[Caption-style text data]
------------------------------------------------------------------------
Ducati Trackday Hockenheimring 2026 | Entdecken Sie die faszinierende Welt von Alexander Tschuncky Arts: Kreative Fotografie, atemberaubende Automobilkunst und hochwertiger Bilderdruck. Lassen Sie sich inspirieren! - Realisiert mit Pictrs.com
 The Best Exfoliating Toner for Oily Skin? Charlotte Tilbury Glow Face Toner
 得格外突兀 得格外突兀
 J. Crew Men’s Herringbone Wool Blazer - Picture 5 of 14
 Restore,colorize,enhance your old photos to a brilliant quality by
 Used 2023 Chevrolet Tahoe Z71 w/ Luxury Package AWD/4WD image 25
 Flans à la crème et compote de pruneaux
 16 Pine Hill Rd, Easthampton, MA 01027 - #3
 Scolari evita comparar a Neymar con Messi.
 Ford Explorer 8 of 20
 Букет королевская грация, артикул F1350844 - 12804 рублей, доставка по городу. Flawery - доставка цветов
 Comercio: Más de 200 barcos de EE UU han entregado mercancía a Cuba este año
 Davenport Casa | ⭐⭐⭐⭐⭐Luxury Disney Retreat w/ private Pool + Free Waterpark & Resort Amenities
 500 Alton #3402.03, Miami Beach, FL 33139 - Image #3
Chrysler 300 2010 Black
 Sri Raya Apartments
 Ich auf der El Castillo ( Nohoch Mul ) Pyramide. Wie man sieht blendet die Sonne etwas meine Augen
------------------------------------------------------------------------
◆ What is being asked ◆
Line by line, retype all of the records exactly.

◆ Task answer ◆
Ducati Trackday Hockenheimring 2026 | Entdecken Sie die faszinierende Welt von Alexander Tschuncky Arts: Kreative Fotografie, atemberaubende Automobilkunst und hochwertiger Bilderdruck. Lassen Sie sich inspirieren! - Realisiert mit Pictrs.com
 The Best Exfoliating Toner for Oily Skin? Charlotte Tilbury Glow Face Toner
 得格外突兀 得格外突兀
 J. Crew Men’s Herringbone Wool Blazer - Picture 5 of 14
 Restore,colorize,enhance your old photos to a brilliant quality by
 Used 2023 Chevrolet Tahoe Z71 w/ Luxury Package AWD/4WD image 25
 Flans à la crème et compote de pruneaux
 16 Pine Hill Rd, Easthampton, MA 01027 - #3
 Scolari evita comparar a Neymar con Messi.
 Ford Explorer 8 of 20
 Букет королевская грация, артикул F1350844 - 12804 рублей, доставка по городу. Flawery - доставка цветов
 Comercio: Más de 200 barcos de EE UU han entregado mercancía a Cuba este año
 Davenport Casa | ⭐⭐⭐⭐⭐Luxury Disney Retreat w/ private Pool + Free Waterpark & Resort Amenities
 500 Alton #3402.03, Miami Beach, FL 33139 - Image #3
Chrysler 300 2010 Black
 Sri Raya Apartments
 Ich auf der El Castillo ( Nohoch Mul ) Pyramide. Wie man sieht blendet die Sonne etwas meine Augen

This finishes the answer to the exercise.